State targets non-traditional zones in coffee revival drive

A farmer inspects her coffee bushes at Miteta village in Laikipia County on July 22, 2025. 

Photo credit: Joseph Kanyi | Nation Media Group

The government has set up two steering committees to spearhead a two-year drive to revive coffee farming, in the latest official effort to arrest declining production and reverse years of shrinking acreage in traditional highland zones.

According to a latest gazette notice by Cooperatives Cabinet Secretary Wycliffe Oparanya, the committees, a national and a county one, will design strategies to expand the crop beyond the core coffee belt, and specifically introduce the crop in emerging and non-traditional regions.

This, the notice indicates, will be effected through the cooperative movement as the State seeks to broaden production capacity and rebuild volumes lost to land conversions and crop shifts.

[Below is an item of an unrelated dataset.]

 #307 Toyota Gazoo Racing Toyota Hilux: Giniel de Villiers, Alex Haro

“The County Steering Committee shall have similar functions to the National Steering Committee at the county level and shall report on progress and outcomes to the National Steering Committee,” said Mr Oparanya in the gazette notice.

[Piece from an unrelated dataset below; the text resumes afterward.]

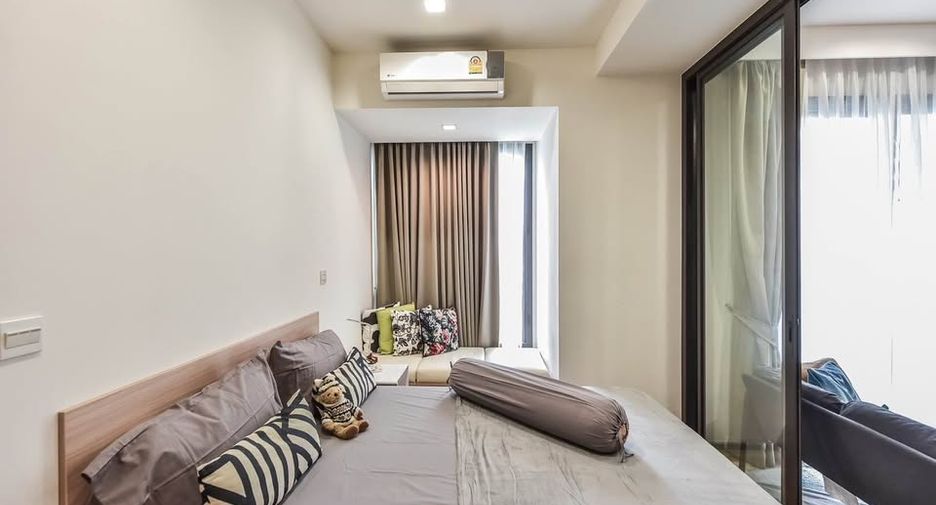 For rent 1 bed condo in Phaya Thai, Bangkok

Most of Kenya’s long-established coffee areas have been shrinking as farmers in counties like Murang’a, Kiambu and Nyeri convert land to avocado, macadamia and real estate due to poor returns over the years, with Kiambu losing chunks of farmland to residential blocks and gated developments.

The push into new zones comes at a time when counties like Laikipia, Taita Taveta, Elgeyo Marakwet, Siaya and Baringo have recently recorded rapid expansion in acreage under coffee, pointing to visible early tests of diversification that the State now intends to formalise and scale more deliberately.

The committees will also coordinate various public agencies and key sector institutions to anchor the revival strategy within cooperatives, which remain the core mobilisation vehicle for smallholder farmers who produce the bulk of Kenya’s coffee output.

The State is banking on cooperatives to provide the aggregation scale required to make coffee viable in new regions where the crop has never been traditionally grown and where individual farmers would otherwise lack commercial leverage and market discipline.

The move adds to the ongoing reform track where the government has since February 2023 restructured regulation, including bringing the Nairobi Coffee Exchange under the Capital Markets Authority, and licensed brokers in place of marketing agents.

Recent official trade data showed an improvement in export performance and a lift in both volume and value of unroasted coffee shipped out of Kenya in the first half of this year, with exports nearly doubling to Sh35.4 billion, signalling renewed farmer attention and improved incentives.